Repeat the records below exactly, leaving out any pictures.

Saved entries

————————

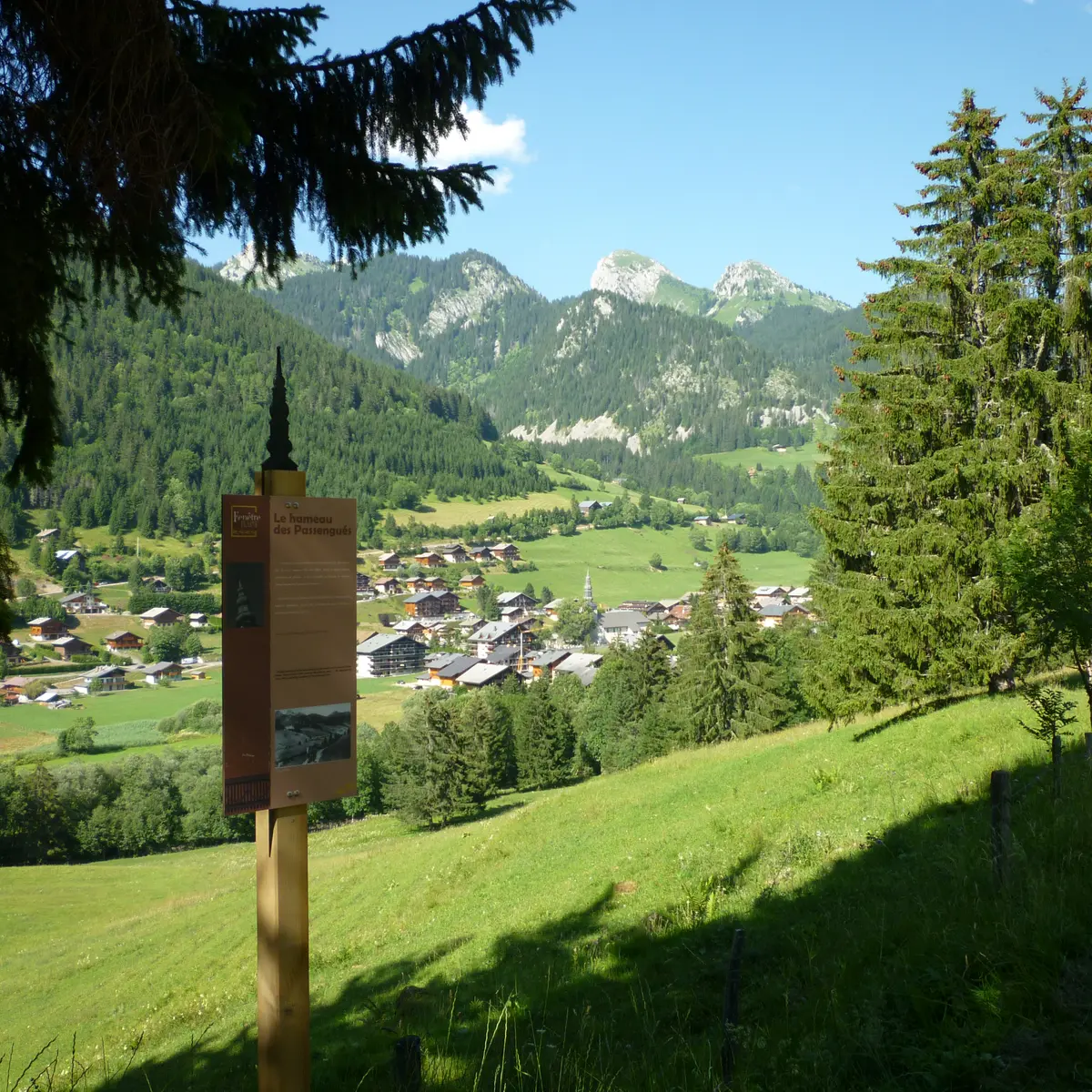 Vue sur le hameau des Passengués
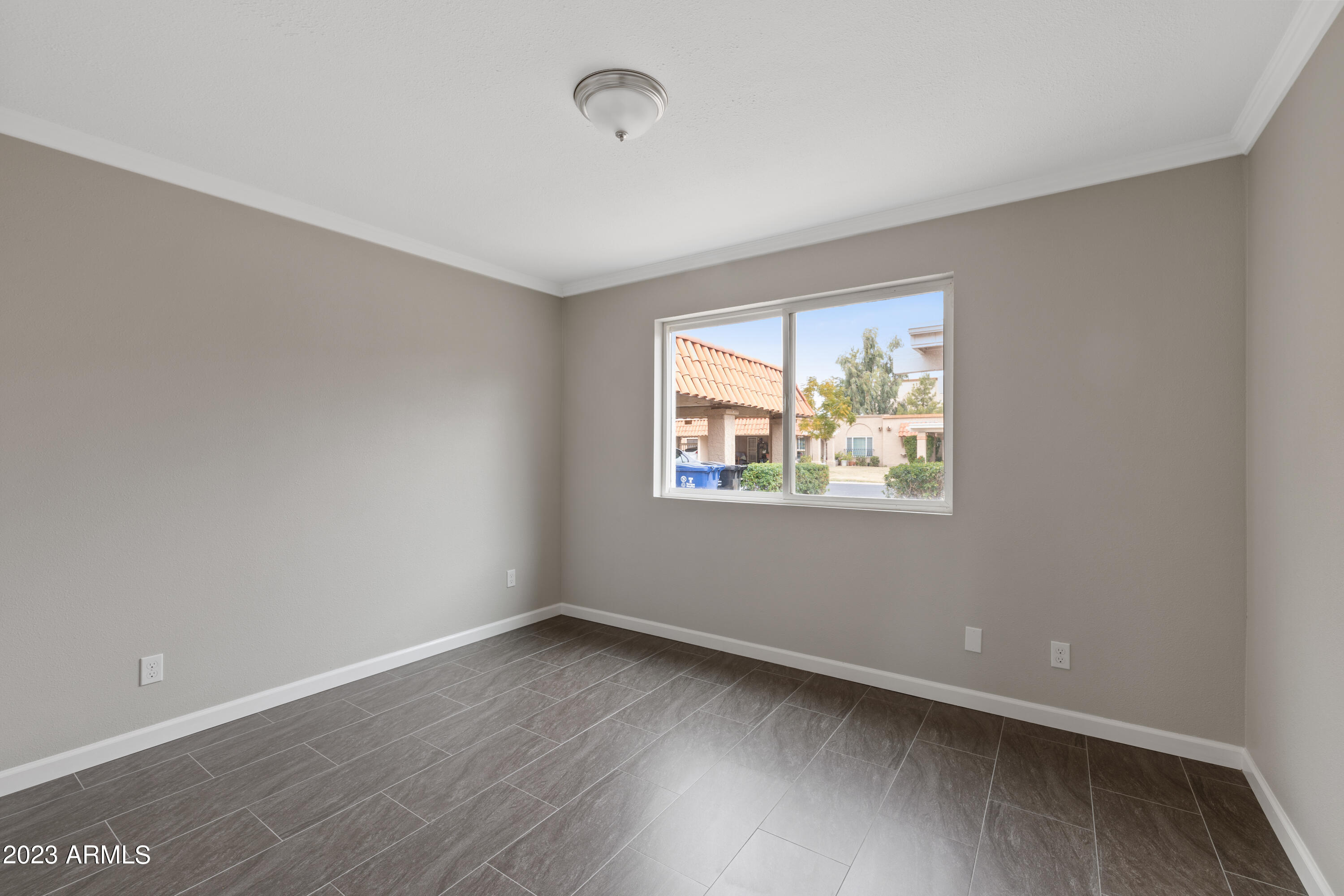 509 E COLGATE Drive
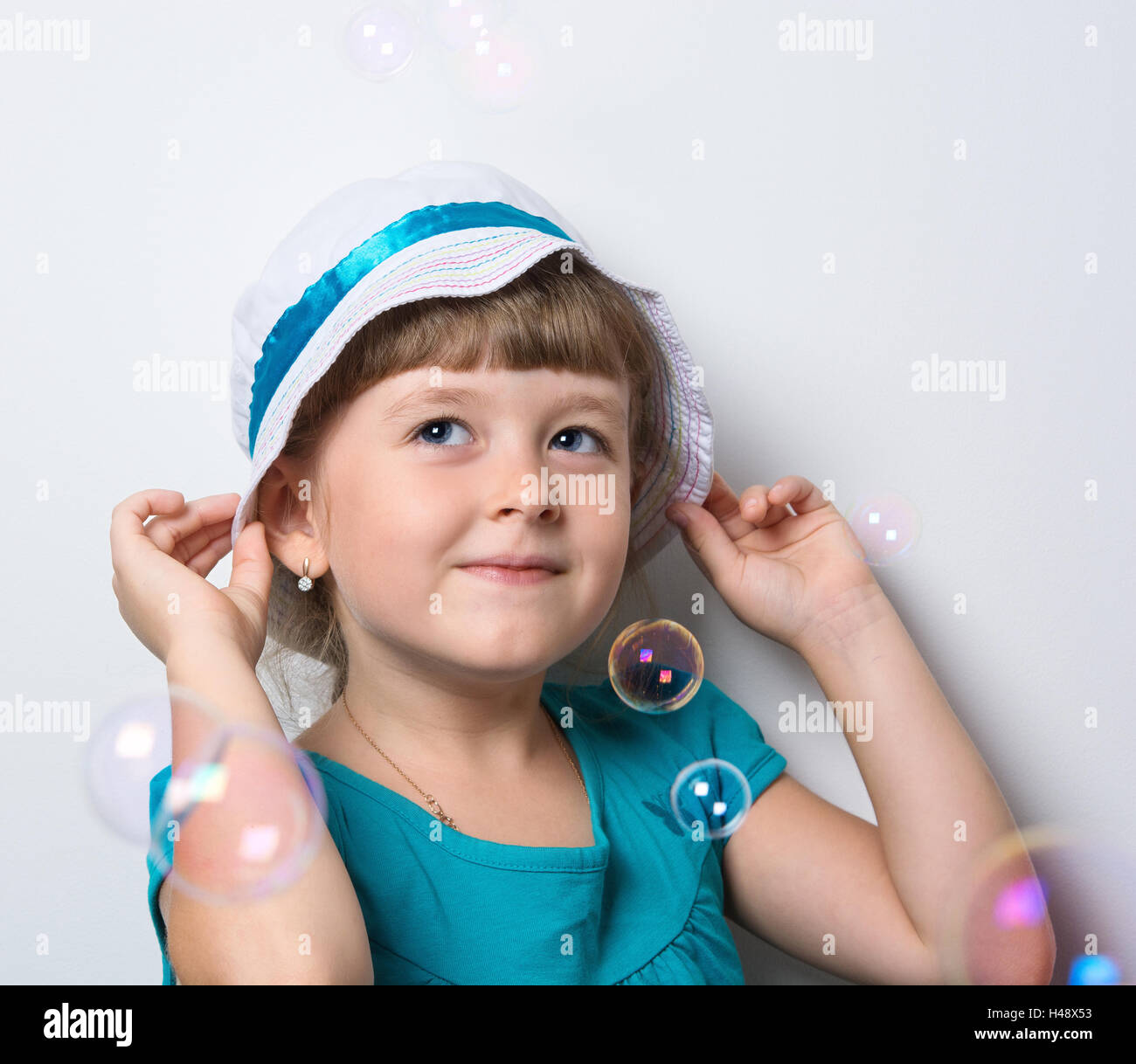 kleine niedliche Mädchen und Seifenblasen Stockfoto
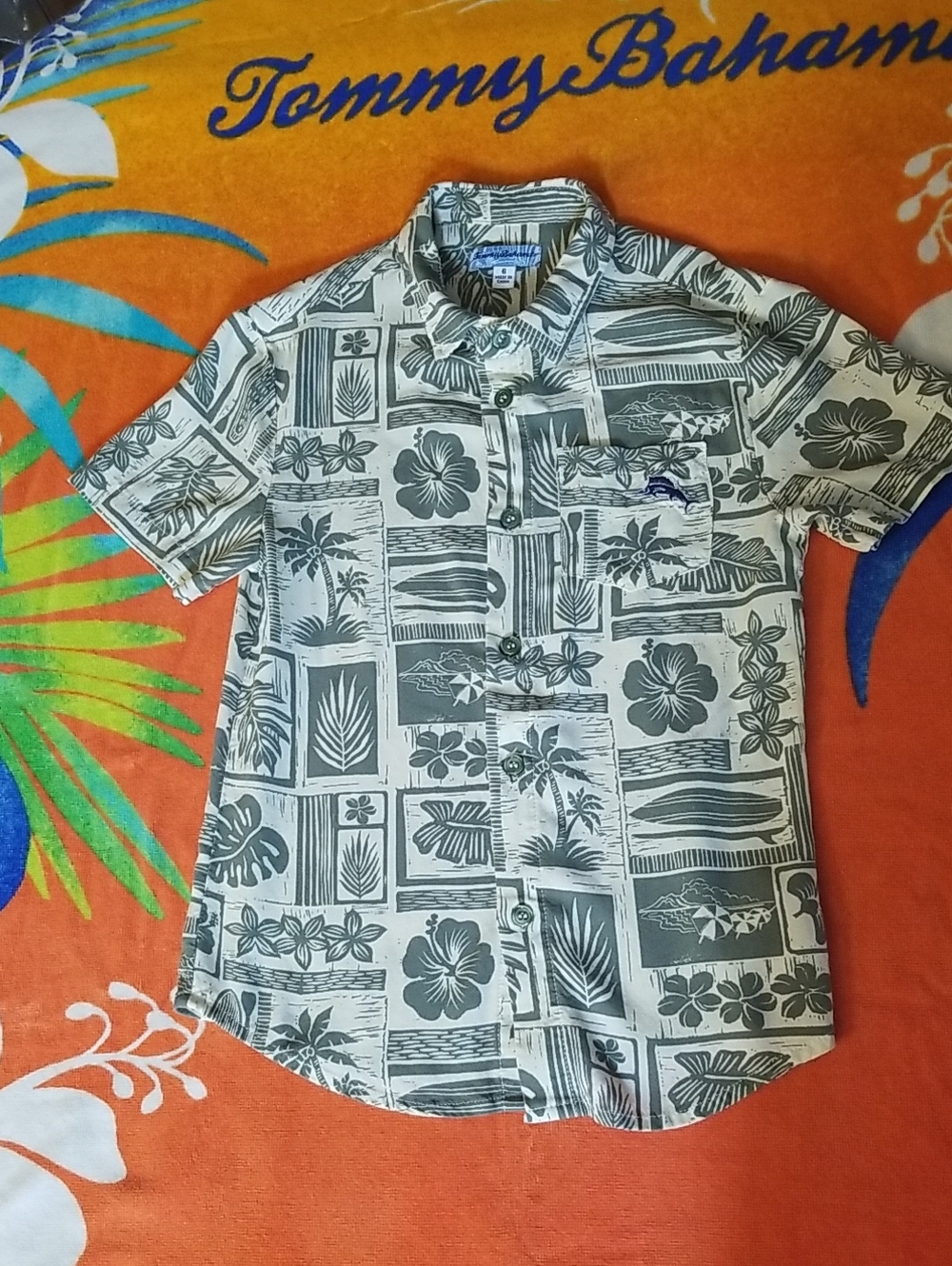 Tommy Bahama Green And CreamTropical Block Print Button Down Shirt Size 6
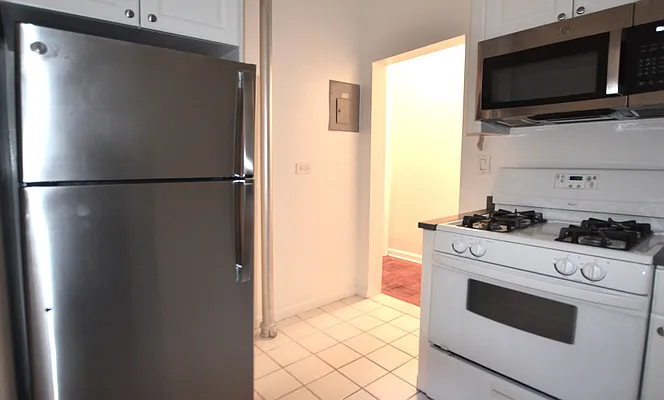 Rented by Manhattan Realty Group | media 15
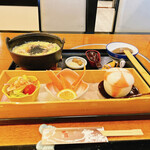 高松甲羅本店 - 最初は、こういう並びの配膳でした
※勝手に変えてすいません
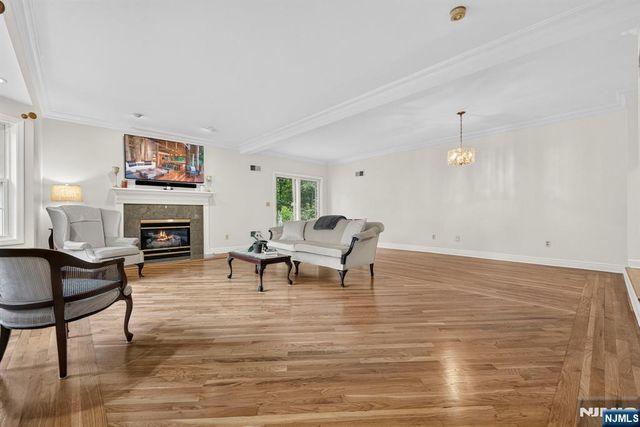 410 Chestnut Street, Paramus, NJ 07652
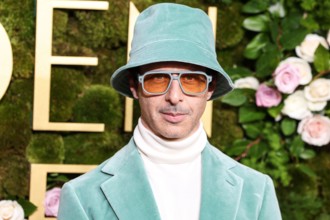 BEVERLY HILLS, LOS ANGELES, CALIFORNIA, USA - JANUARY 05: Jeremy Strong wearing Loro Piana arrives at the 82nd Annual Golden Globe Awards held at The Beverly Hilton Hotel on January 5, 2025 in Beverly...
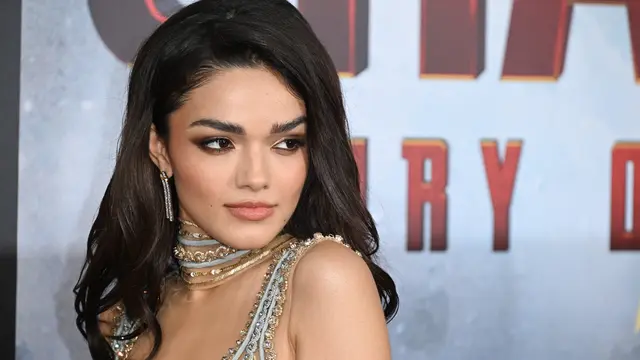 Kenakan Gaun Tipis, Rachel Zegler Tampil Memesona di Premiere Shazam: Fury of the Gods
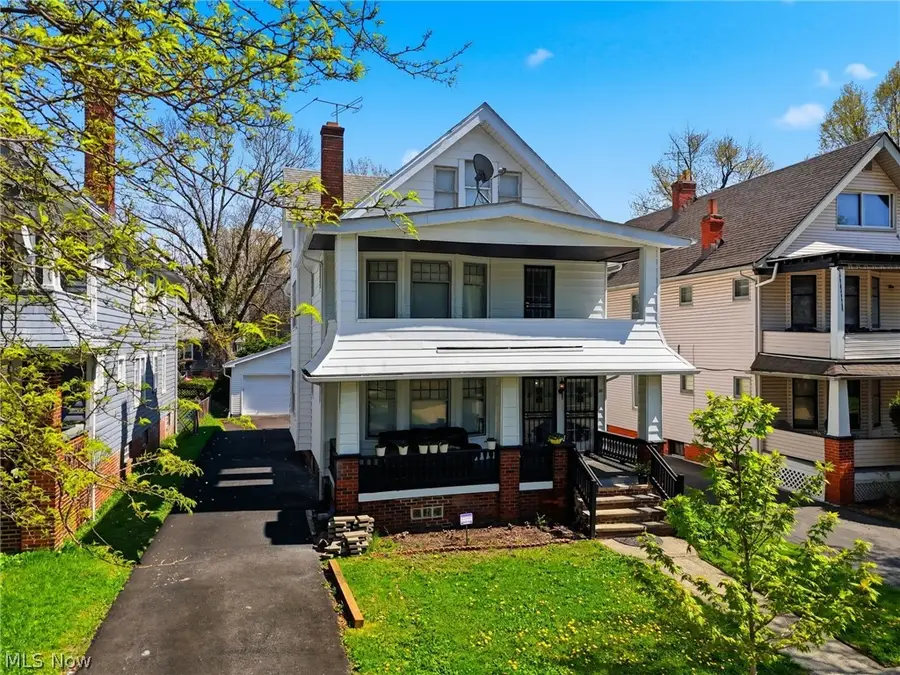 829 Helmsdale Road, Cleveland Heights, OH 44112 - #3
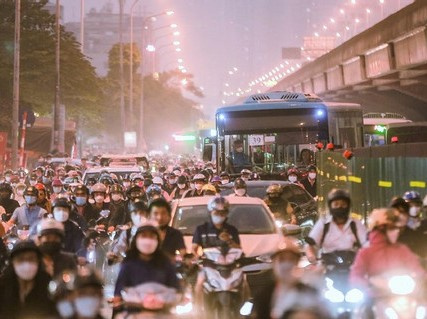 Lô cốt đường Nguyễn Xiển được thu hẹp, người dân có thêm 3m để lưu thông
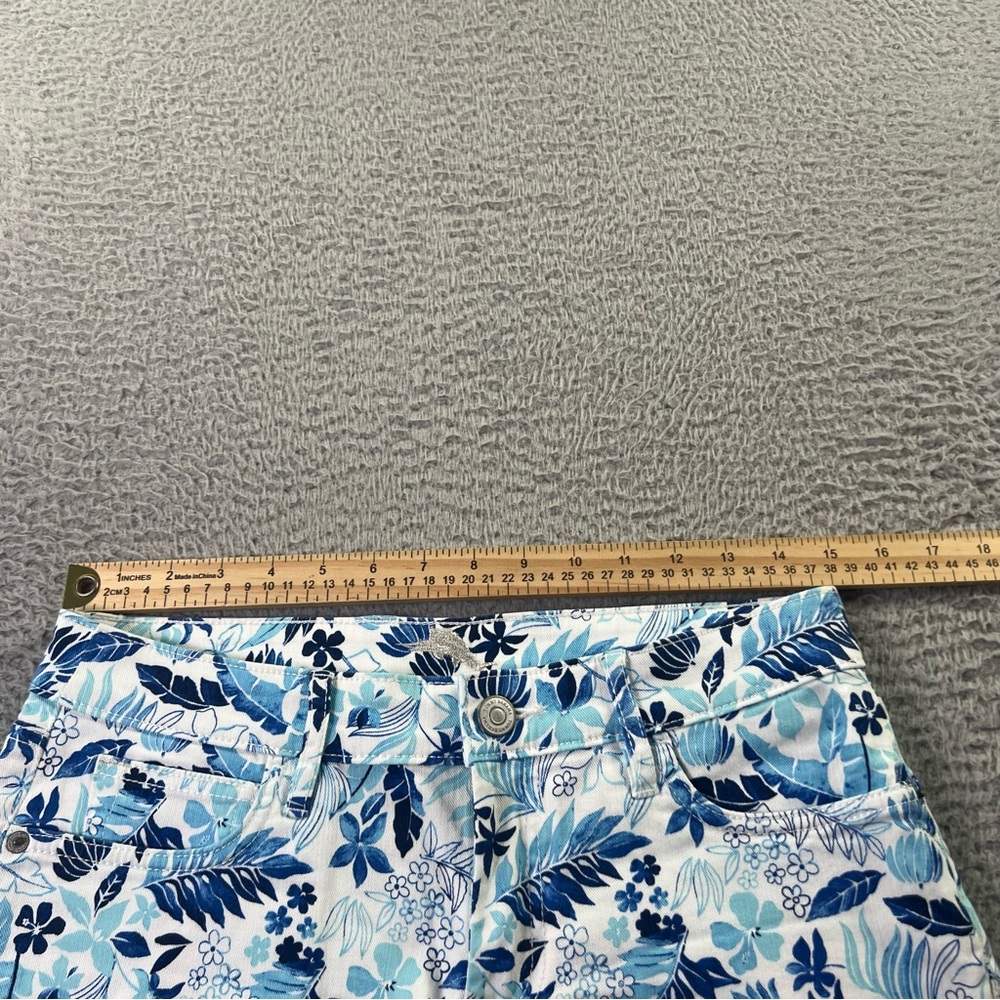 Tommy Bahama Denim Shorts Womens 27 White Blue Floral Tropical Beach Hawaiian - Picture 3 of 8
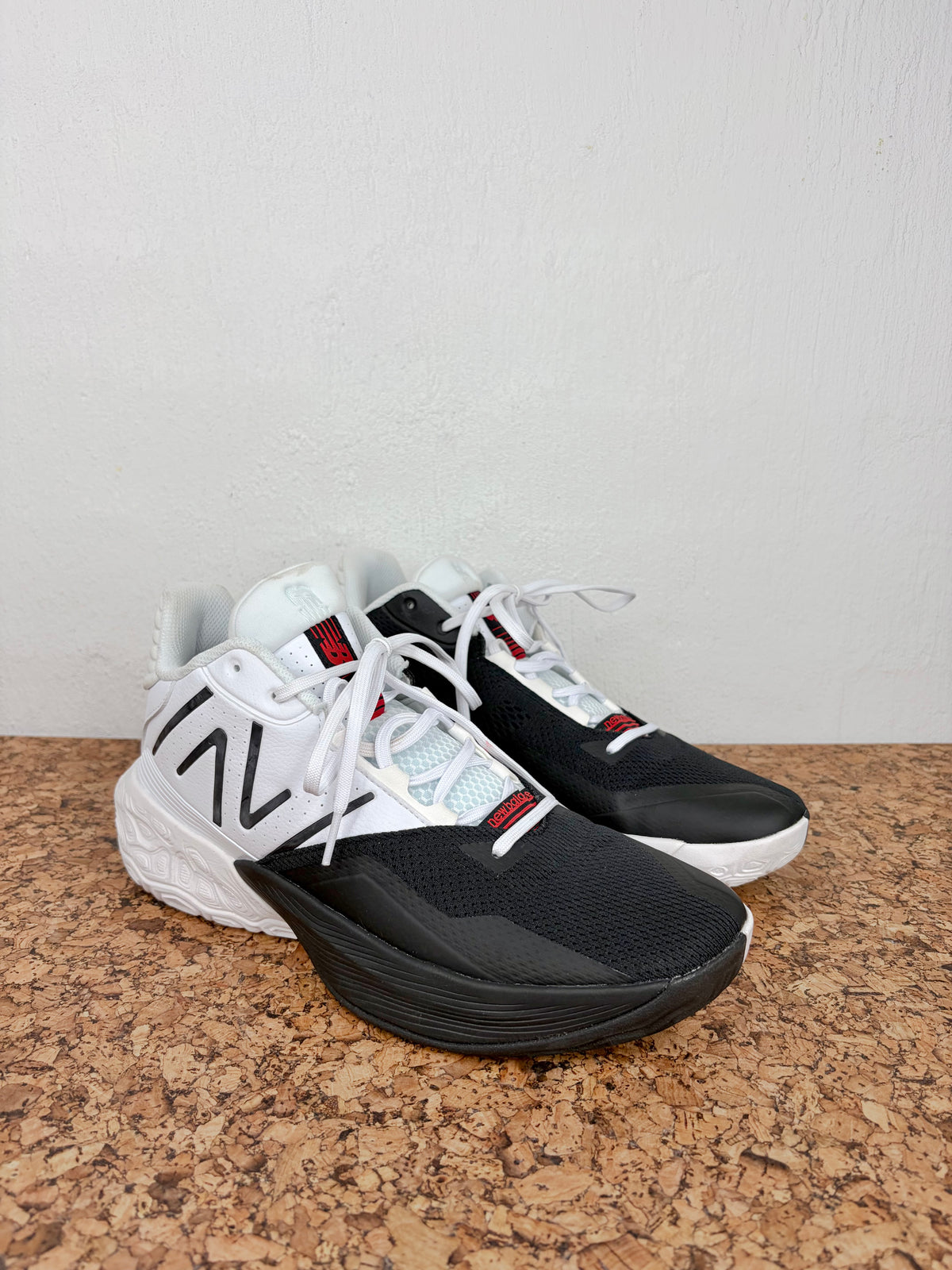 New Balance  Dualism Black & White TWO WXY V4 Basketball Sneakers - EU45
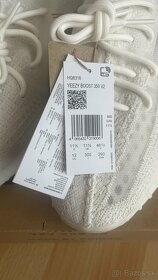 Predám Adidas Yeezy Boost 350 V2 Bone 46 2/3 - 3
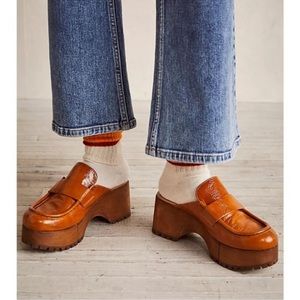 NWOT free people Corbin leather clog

————————

## Answer section
 Vue sur le hameau des Passengués
 509 E COLGATE Drive
 kleine niedliche Mädchen und Seifenblasen Stockfoto
 Tommy Bahama Green And CreamTropical Block Print Button Down Shirt Size 6
 Rented by Manhattan Realty Group | media 15
 高松甲羅本店 - 最初は、こういう並びの配膳でした
※勝手に変えてすいません
 410 Chestnut Street, Paramus, NJ 07652
 BEVERLY HILLS, LOS ANGELES, CALIFORNIA, USA - JANUARY 05: Jeremy Strong wearing Loro Piana arrives at the 82nd Annual Golden Globe Awards held at The Beverly Hilton Hotel on January 5, 2025 in Beverly...
 Kenakan Gaun Tipis, Rachel Zegler Tampil Memesona di Premiere Shazam: Fury of the Gods
 829 Helmsdale Road, Cleveland Heights, OH 44112 - #3
 Lô cốt đường Nguyễn Xiển được thu hẹp, người dân có thêm 3m để lưu thông
 Tommy Bahama Denim Shorts Womens 27 White Blue Floral Tropical Beach Hawaiian - Picture 3 of 8
 New Balance  Dualism Black & White TWO WXY V4 Basketball Sneakers - EU45
 Predám Adidas Yeezy Boost 350 V2 Bone 46 2/3 - 3
 NWOT free people Corbin leather clog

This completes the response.